## Task requirements
Lines from the one containing "Then, you go" through the final line of the records below are needed, copied exactly, with no pictures.

(Collected data)

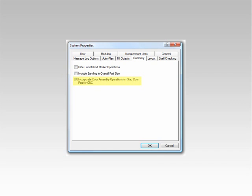Solid sees all doors as an assembly of parts. Under normal circumstances, like in the case of a 5-piece door, you would want to assemble the door prior to machining pull holes and hinge holes on your CNC. However, in the case of a slab door, you may want to actually machine these operations during the nesting process. The Incorporate Door Assembly Operations on Slab Door Part for CNC option, when enabled, tells Solid that you would like your operations on slab doors to be machined during the nesting process.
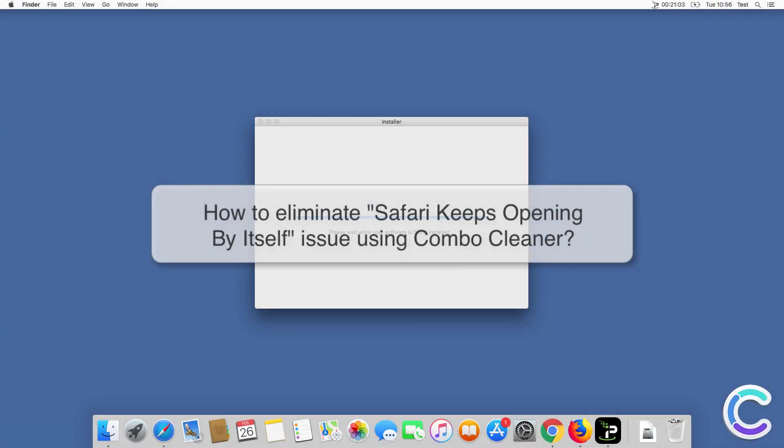In this video we will show you how to eliminate Safari keeps opening by itself issue using Combo Cleaner.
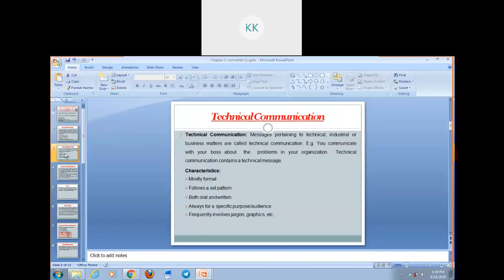Now let us discuss the characteristics of Technical Communication. Number one, it is mostly formal — technical communication always focuses on being formal. Number two, it also requires a certain set pattern for communication — it follows a set of pattern. Number three, it can be both oral or written. Another characteristic is it always has a specific purpose and it is always for a specific audience. The next characteristic is it frequently involves technical words, jargons, graphics, etc.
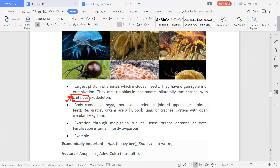The body consists of head, thorax, and abdomen. They have jointed legs as seen in the figure. Respiratory organs are gills, book lungs, or a tracheal system for the process of respiration. They have an open circulatory system.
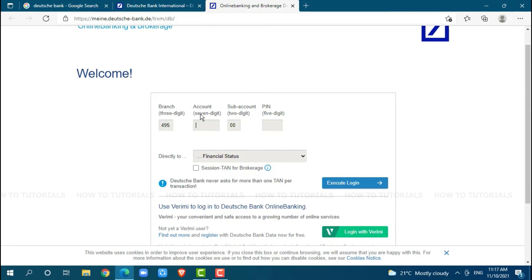Then, you go for account, which contains 7 digits. At the sub-account, you need to provide 2 digits.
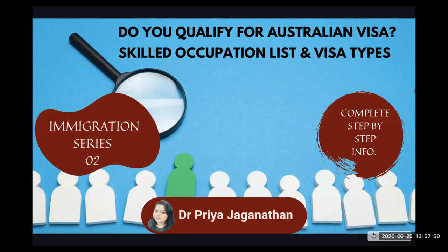Hello everyone, welcome back to my immigration series. This is video number two. We're going to look at the occupations that qualify for you to move to Australia as a skilled migrant. So I'm going to walk you through the skilled occupation list and visa types.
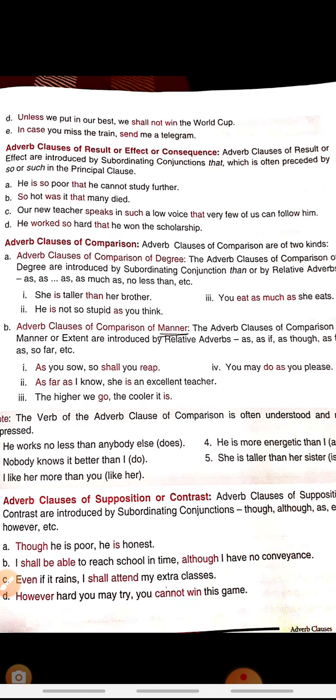More examples of adverb clauses of contrast: 'Even if it rains, I shall attend my extra classes.' And 'However hard you may try, you cannot win this game.' In the last example, the first statement says you may try hard, but the second statement is opposite — you cannot win. So this is the adverb clause of contrast.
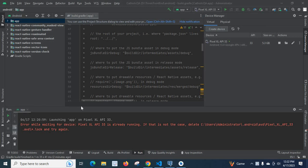First, I will read the error for you: Error while waiting for device Pixel Excel API 33 is already running. If that is not the case, delete the location given - it is a log file with .lock extension - and try again.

## Final answer
Then, you go for account, which contains 7 digits. At the sub-account, you need to provide 2 digits.
Hello everyone, welcome back to my immigration series. This is video number two. We're going to look at the occupations that qualify for you to move to Australia as a skilled migrant. So I'm going to walk you through the skilled occupation list and visa types.
More examples of adverb clauses of contrast: 'Even if it rains, I shall attend my extra classes.' And 'However hard you may try, you cannot win this game.' In the last example, the first statement says you may try hard, but the second statement is opposite — you cannot win. So this is the adverb clause of contrast.
First, I will read the error for you: Error while waiting for device Pixel Excel API 33 is already running. If that is not the case, delete the location given - it is a log file with .lock extension - and try again.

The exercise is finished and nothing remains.